Mooch apparently bought the gear at Agent Provocateur on Madison Avenue in New York. Their undies are styled on Hollywood glamour styles…like stockings and corsets and such. The fancy lingerie from Agent Provocateur comes in sizes Small, Medium, Large, Extra-Large, Extra Extra-Large and Damn! sizes. Guess where they pointed Mooch?
Hey, maybe her old drawers were getting worn out trying to contain all of that Twinkie-enhanced, ever-expanding flesh after she crams a few dozen Ho-Hos down her pie-hole every night. Or maybe her old lingerie was getting yellow in the front and brown in the back and it was time to donate them to the Goodwill for tax deductions? Or maybe she just wanted to feel sexy underneath it all. Michelle does have a history of looking sexy when representing the United States. Here she is showing up a few non-arugula eating Eurotrash first ladies at a Summit in France:
Great googly moogly! What a ham on that woman! You probably picked out Michelle in the above photo. She’s the one impersonating Sasquatch. Here’s what the Agent Provocateur undies look like (disclaimer: this is not Moochelle):
The only way that gear would be worth those big bucks is if the blonde came with them! And they still wouldn’t be worth it! Any womern who would spend thousands on lingerie certainly doesn’t understand the value of bass boats! Also, the Big Sexy’s experience is that all that over-priced lingerie just gets in the way when it’s bidness time in the bedroom/boudoir!

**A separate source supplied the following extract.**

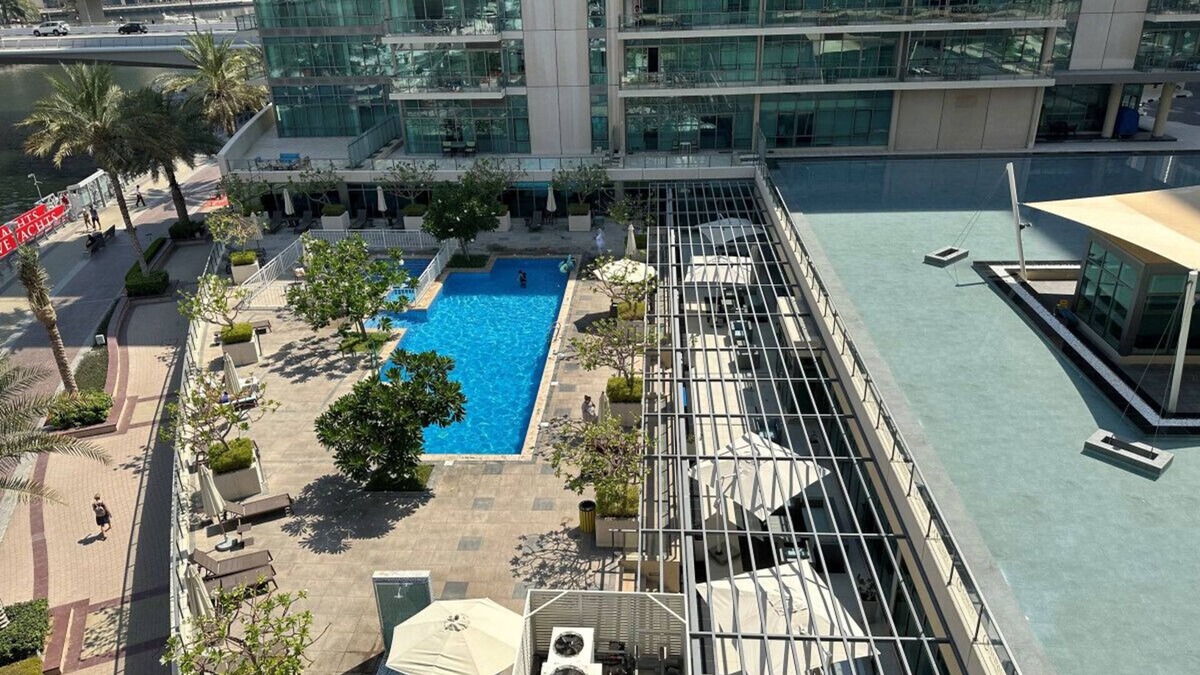 Dubai Marina Apartment | Discover the ultimate in waterfront living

And here’s another piece of advice to all you womerns out there. If you look like a bufforilla, $50,000 worth of lingerie ain’t the cure! You’re just going to look like a bufforilla in stretched out fancy drawers! Getting your big Oprah-watching ass off the couch, putting down that Sara Lee frozen cheese cake and getting yourself down to the local Zumba class will do the trick…and cost thousands less! Hell, do y’all realize what $50k will buy in ammo? Answer: not nearly enough!

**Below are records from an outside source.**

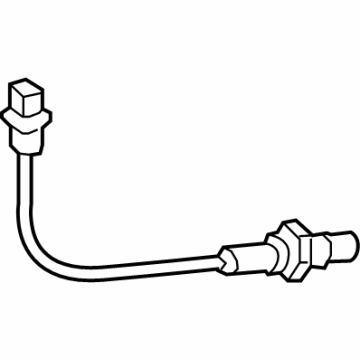 Kia 392103L500 Oxygen Sensor Assembly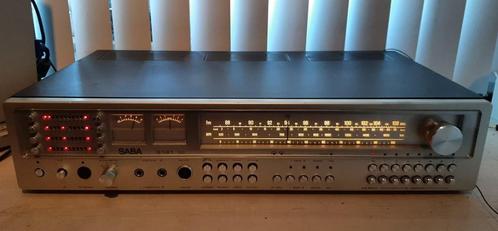 Saba 9141TC zeer mooie Saba, Audio, Tv en Foto, Stereo-sets, Zo goed als nieuw, Overige merken, Losse componenten, Verzenden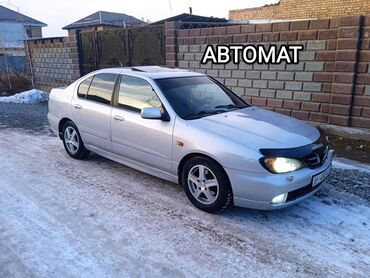 Nissan: Nissan Primera: 2001 г., 2 л, Автомат, Бензин, Седан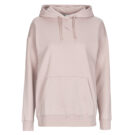 Puma ESS Cat Logo Relaxed Hoodie FL Pink Hoodies Women - 1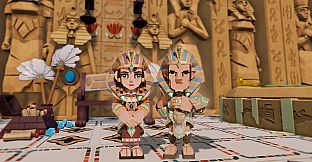 PixARK -Millennia of Enduring Sands: The Legacy of Ancient Egypt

And if you want to look all sexical for your hombre, get on down to the Victoria’s Secret at the mall for heaven’s sake. You can pick up some sexy undies and also have money left over for a box of hollow points. We dudes do appreciate the effort to spice things up but remember, it’s not the wrapping…but the present that we’re after!
Throwing money away on stupid stuff is what the Obamas are known for! It’s what they do! Somehow, methinks the $50k didn’t come out of Moochelle’s account. Obama probably kept a few hundred thousand out of the Stimulus Bill to cover tarps and tents….and Michelle’s drawers will be categorized as such! And, just like her husband’s presidency, her squeezing into all that high priced lingerie will all be just a big-ass failure!